"Принуждение к миру" звучит как принуждение к любви

Главная - "Принуждение к миру" звучит как принуждение к любви

Война порождает язык - но теперь это язык, который принципиально не говорит о войне. Или, если точнее, он исключает войну уточнением, всегда подставляя на ее место что-то иное, как будто более научное, экспертное и, главное, не такое страшное.

События в Южной Осетии не могут быть представлены в качестве "внутреннего дела" России. Это не экономический спор и не контртеррористическая операция. Однако это и не возвращение к какому-то знакомому, исторически, политически и юридически узнаваемому варианту внешней политики. Внутреннее и внешнее перестали различаться - и далеко не только на уровне "реальности". Дело не только в том, что осетины - формальные жители другого государства, но с российским паспортом. И не только в том, что сам статус "миротворцев" требует экстерриториальности, "положения" границы, которая оказывается внутренней для любой из противоборствующих сторон. Скорее, само это смешение, которое не позволяет называть военные "действия" ни внутренней операцией, ни реальной, то есть объявленной, войной, ни даже "странной" войной (поскольку ничего странного в ней нет), указывает на такое изменение политики, причем универсальное, в результате которого какие бы то ни было рефлексииотносительно продления политического в войне и наоборот становятся анахронизмом.

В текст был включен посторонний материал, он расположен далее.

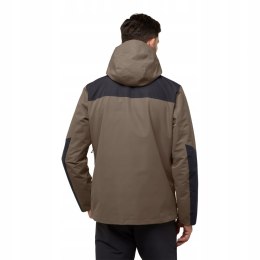 JACK WOLFSKIN Kurtka JASPER 3IN1 JACKET 2XL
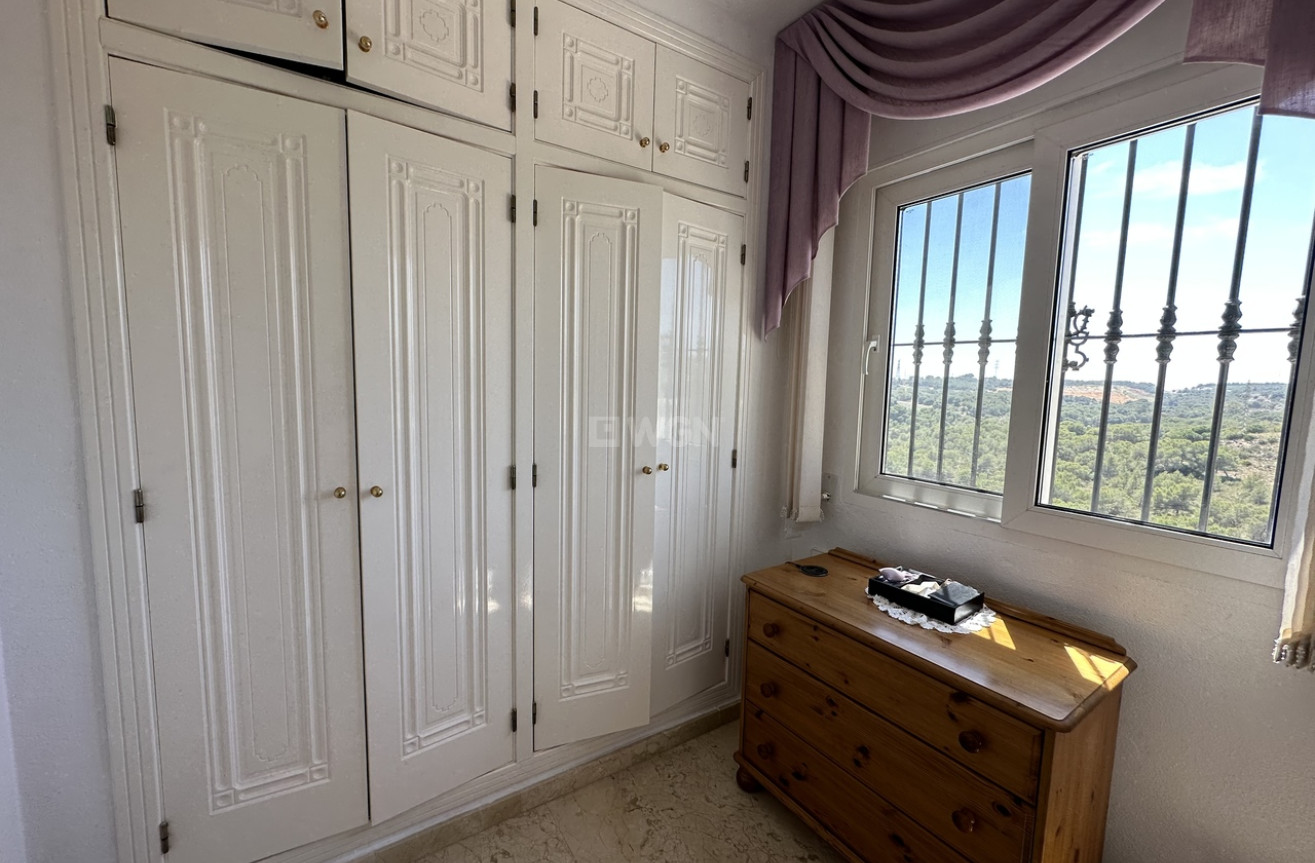 Wiederverkauf - Villa - Villamartin - Costa Blanca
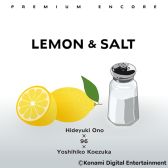 ���������꡼ No.002�Υ���ͥ������ / ��BEAT ARENA�פˡ�BEMANI�ץ��꡼����3�ڶʤ��ɲá�����ƥ�ĥ����ɥ饤������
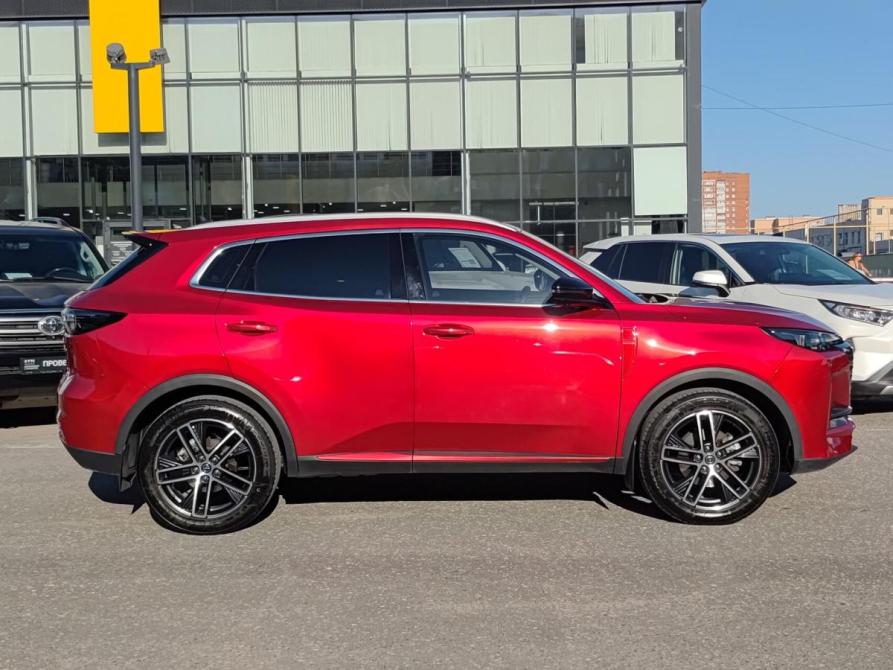 Changan CS55 Plus II Йошкар-Ола  - изображение 5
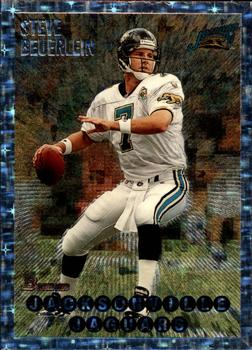 Steve Beuerlein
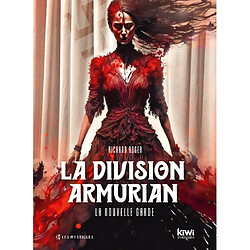 La Division Armurian : la nouvelle garde - Occasion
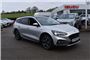 2021 Ford Focus Active 1.0 EcoBoost Hybrid mHEV 155 Active X Edition 5dr
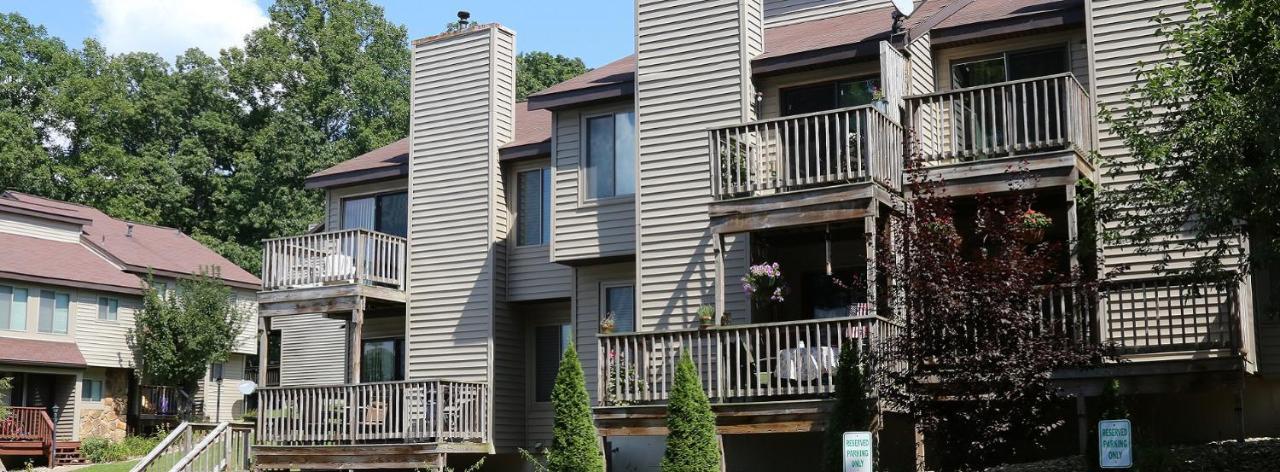 Cheat Lake Resort Morgantown Exterior foto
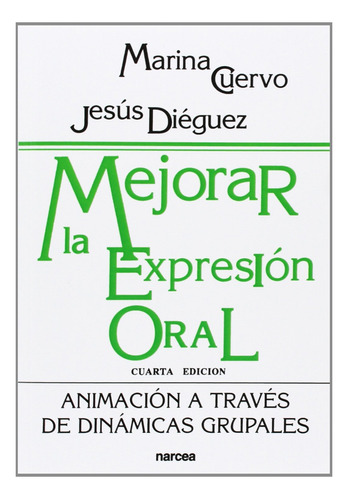 Mejorar La Expresion Oral 71nhi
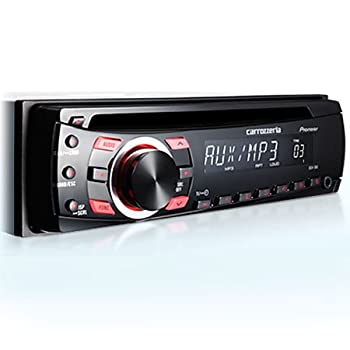 【中古】【非常に良い】パイオニア CD/チューナー・WMA/MP3/WAV対応メインユニット...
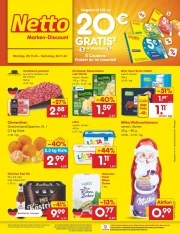 Prospekte Netto Marken Discount Tonna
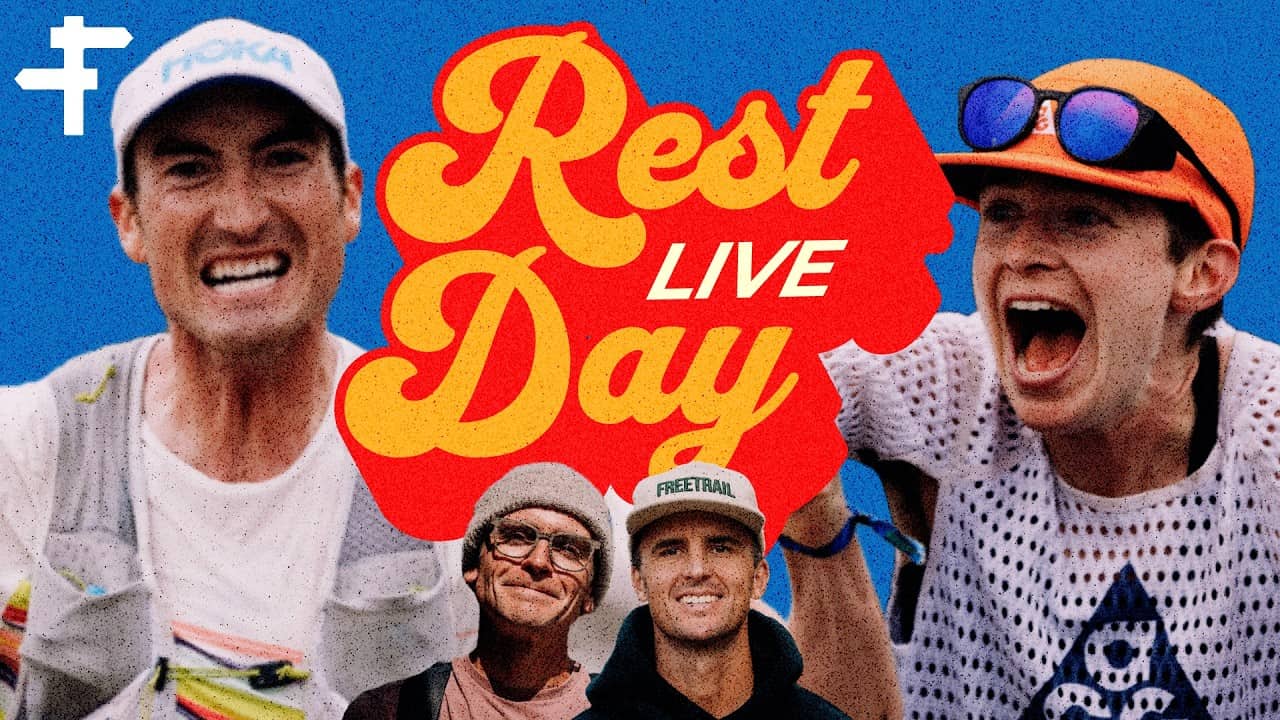 Rest Day Live | Canyons Final Thoughts, Western States Hype, MIUT + FUJI Results, & Industry News
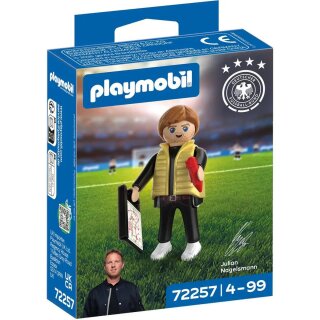 Julian Nagelsmann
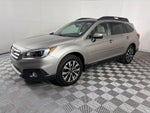 2016 Outback Thumbnail 3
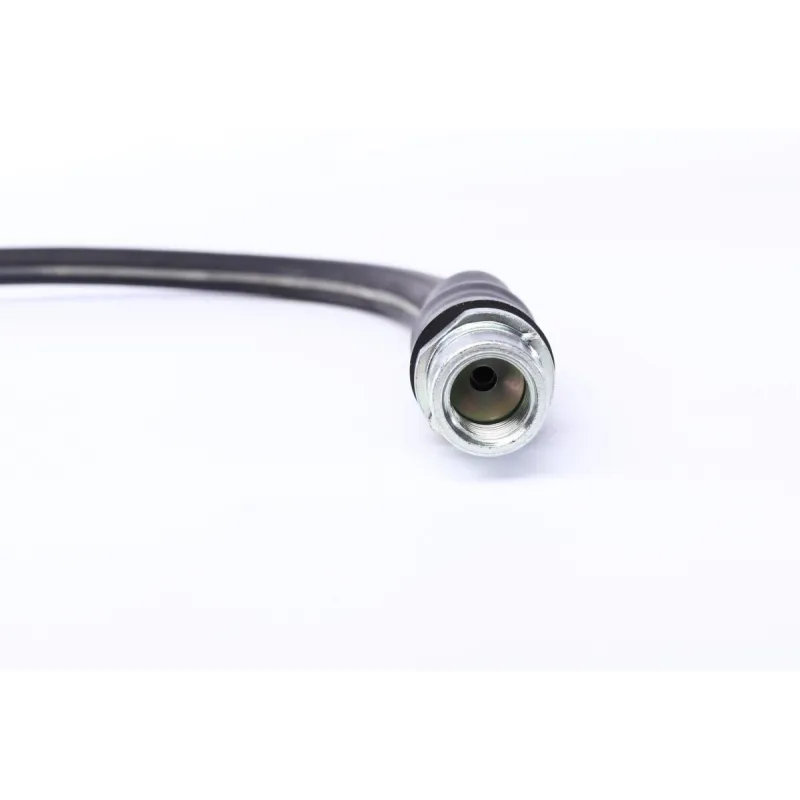 Шланг гальмівний передній FEBI BILSTEIN 14042 для Audi A4 B5, VW Passat B5, права вісь, 320 мм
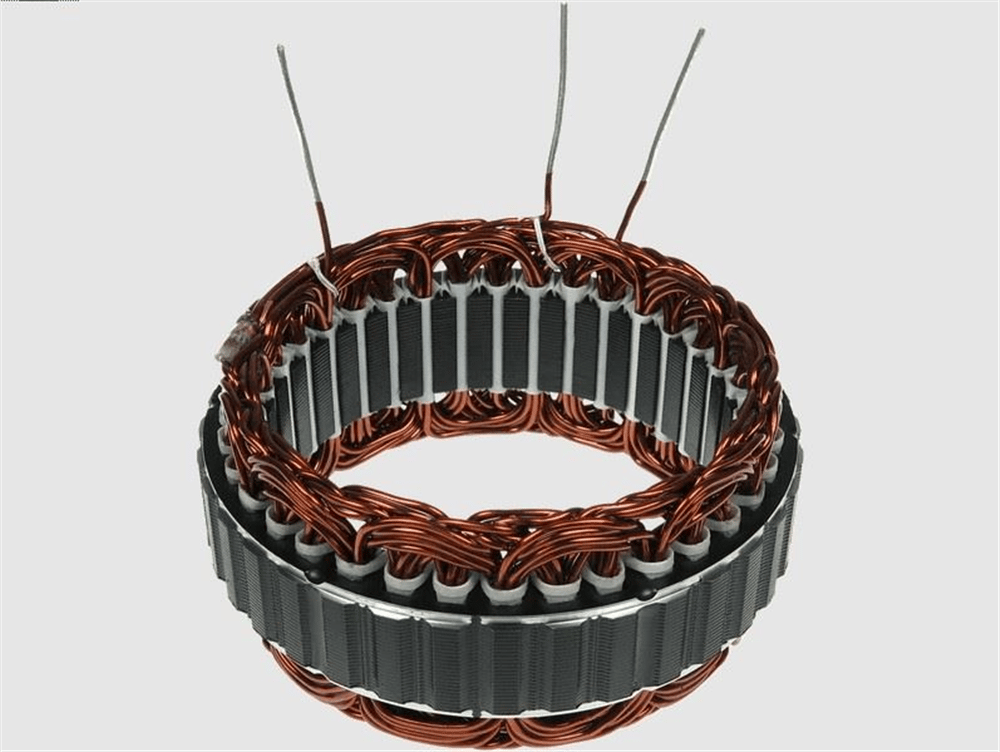 Stator Hitachi 2008+ Klimli – Isuzu D-Max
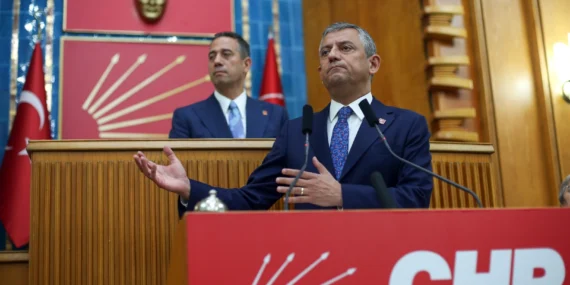 "Bu millet paralelin kim olduğunu bilir"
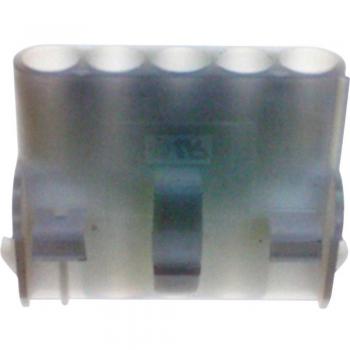Morsettiera 5 poli TE Connectivity MATE-N-LOK 1-480764-0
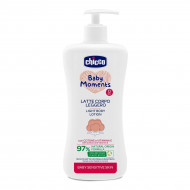 Лосьйон для тіла Chicco Baby Moments 500 мл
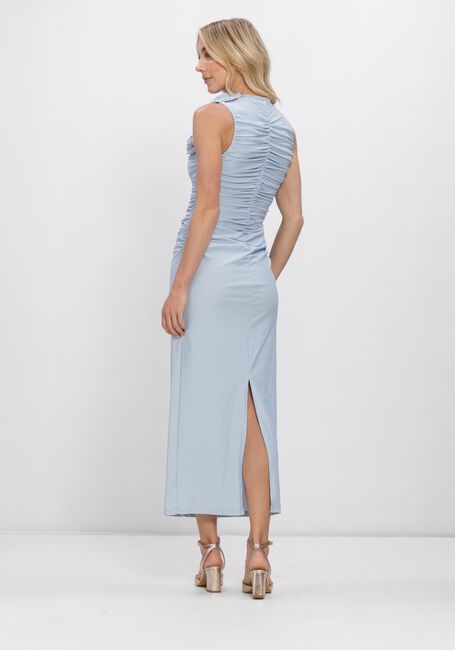 Hellblau Y.A.S. Kleider YASDONA SL LONG DRESS - large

" Принуждение к миру" звучит как принуждение к любви , и совершенно не важно, что это не российское лингвистическое изобретение. Существеннее то, что такое выражение (и им подобные) показывает распад самой возможности связывать военные действия с неким вариантом принятия ответственности именно за войну как войну, а не за те или иные действия - спасательные, криминальные, ответные, (не)прогнозируемые и т.д.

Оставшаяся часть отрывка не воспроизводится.